▸ **About this exercise**: Could you transcribe the entries below exactly, starting at the line that contains "lovepihuu from StripChat is Freechat" and stopping at the last line, without any pictures?

▸ **Items listed in a dataset**:
+--
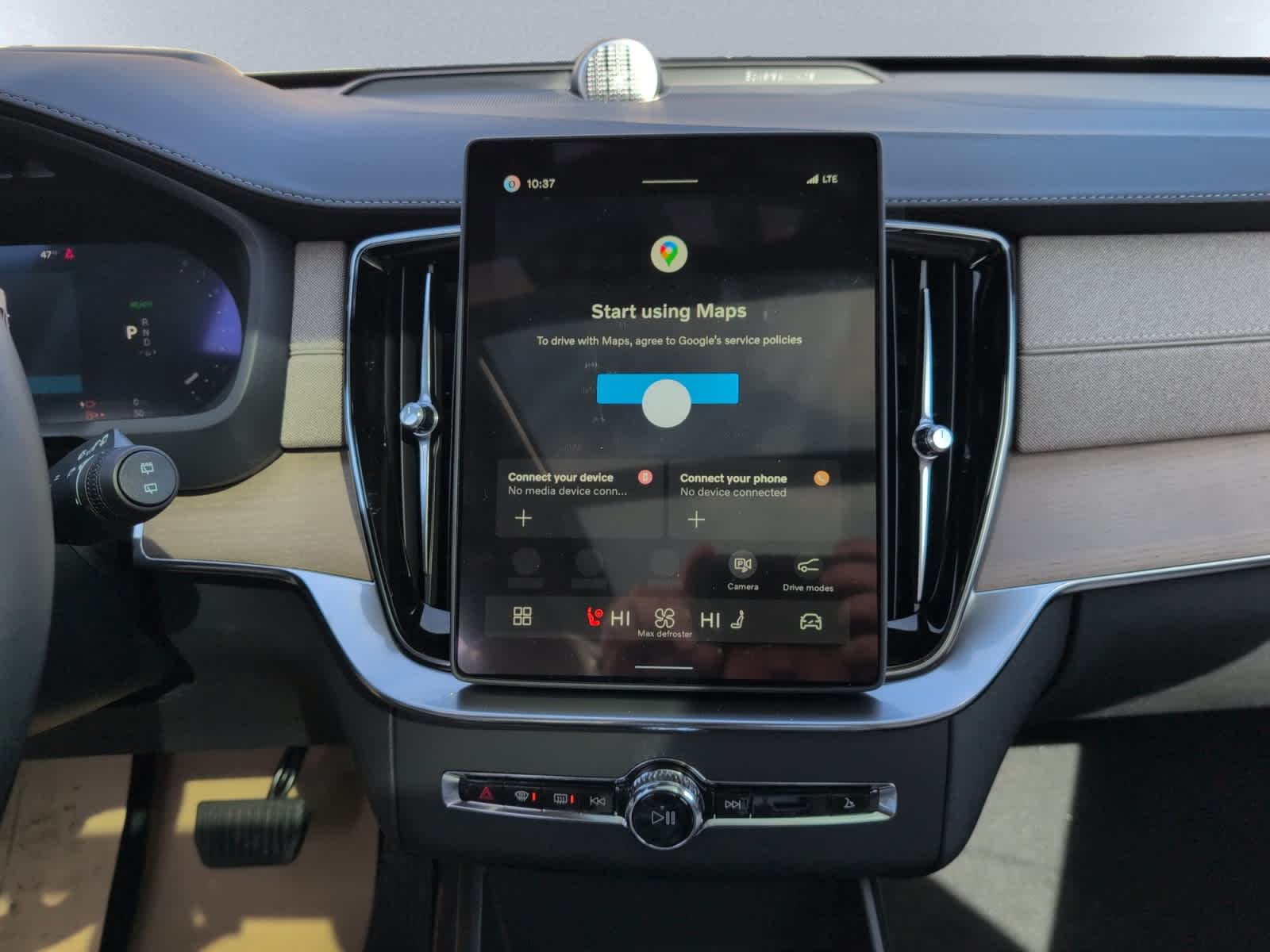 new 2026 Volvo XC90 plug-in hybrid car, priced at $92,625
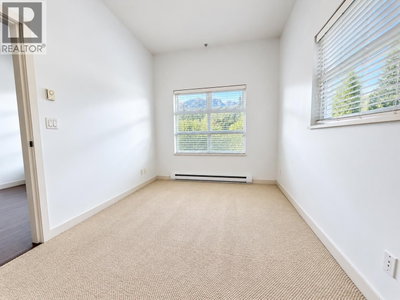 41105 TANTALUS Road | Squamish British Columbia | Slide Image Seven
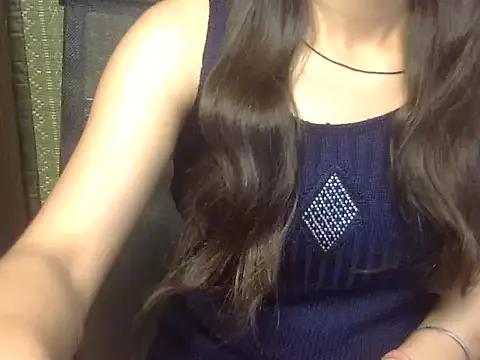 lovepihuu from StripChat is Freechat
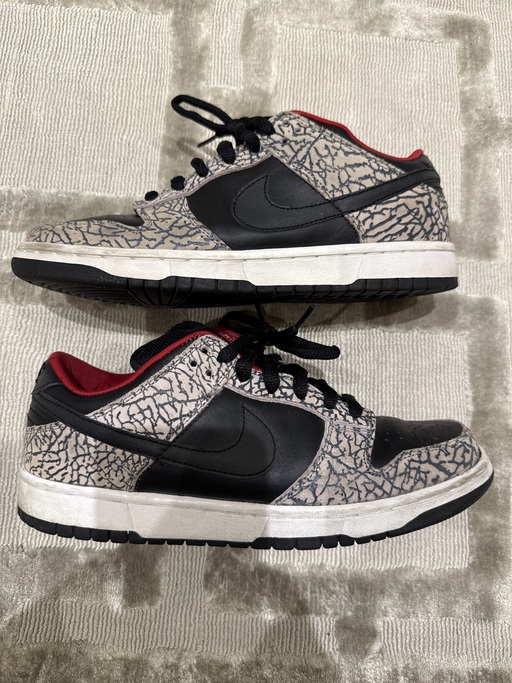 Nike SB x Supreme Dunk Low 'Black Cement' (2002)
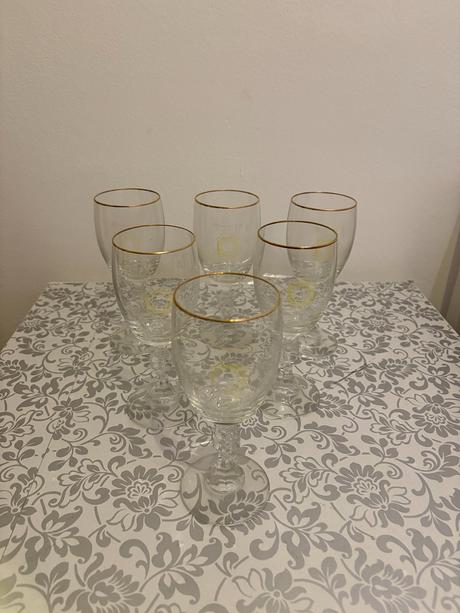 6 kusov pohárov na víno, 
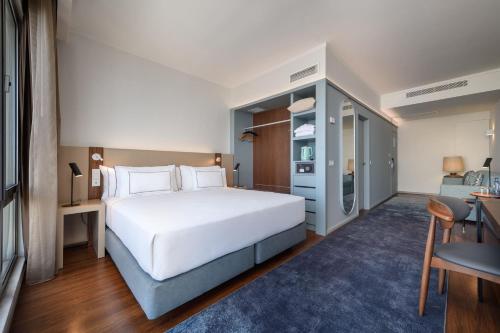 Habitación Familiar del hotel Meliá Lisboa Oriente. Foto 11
+--
▸ **Solution for this task**:
 lovepihuu from StripChat is Freechat
 Nike SB x Supreme Dunk Low 'Black Cement' (2002)
 6 kusov pohárov na víno, 
 Habitación Familiar del hotel Meliá Lisboa Oriente. Foto 11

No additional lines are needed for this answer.